→ WHAT IS REQUIRED
Pictures stay out of the copy. Retype exactly, and only, the lines from the one containing "1 m (juodas)" through the end of the listing below.

→ SUPPLIED DATA
################

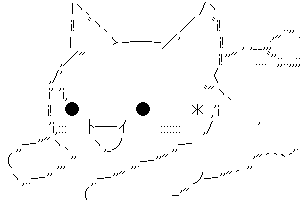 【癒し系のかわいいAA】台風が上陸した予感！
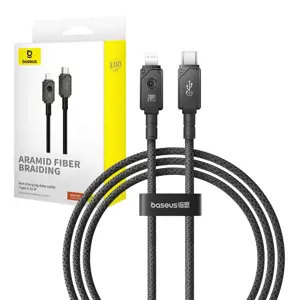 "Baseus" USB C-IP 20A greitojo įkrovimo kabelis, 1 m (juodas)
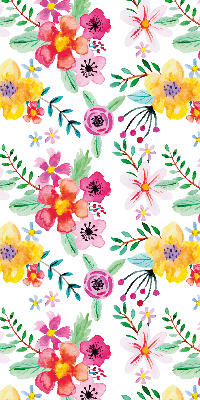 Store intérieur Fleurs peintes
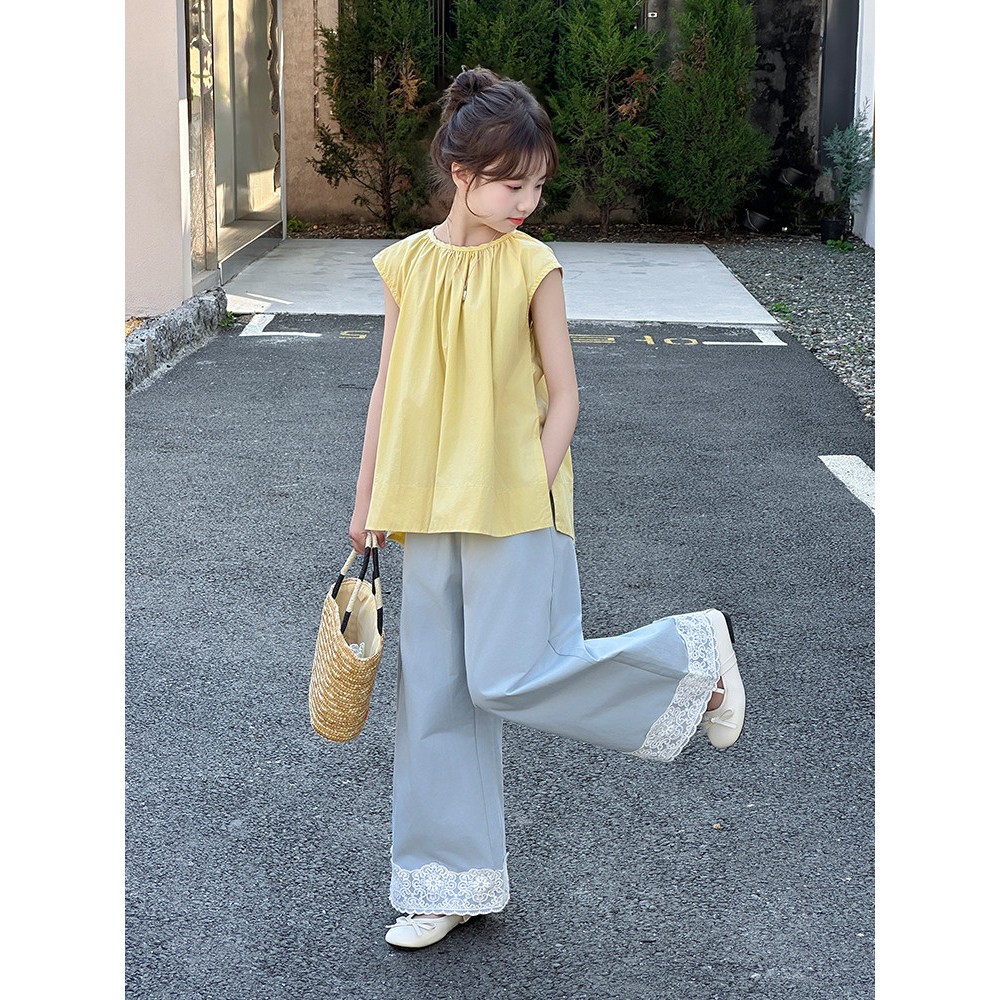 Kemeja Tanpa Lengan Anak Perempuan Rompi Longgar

################

→ SOLUTION TO THIS PROBLEM
 "Baseus" USB C-IP 20A greitojo įkrovimo kabelis, 1 m (juodas)
 Store intérieur Fleurs peintes
 Kemeja Tanpa Lengan Anak Perempuan Rompi Longgar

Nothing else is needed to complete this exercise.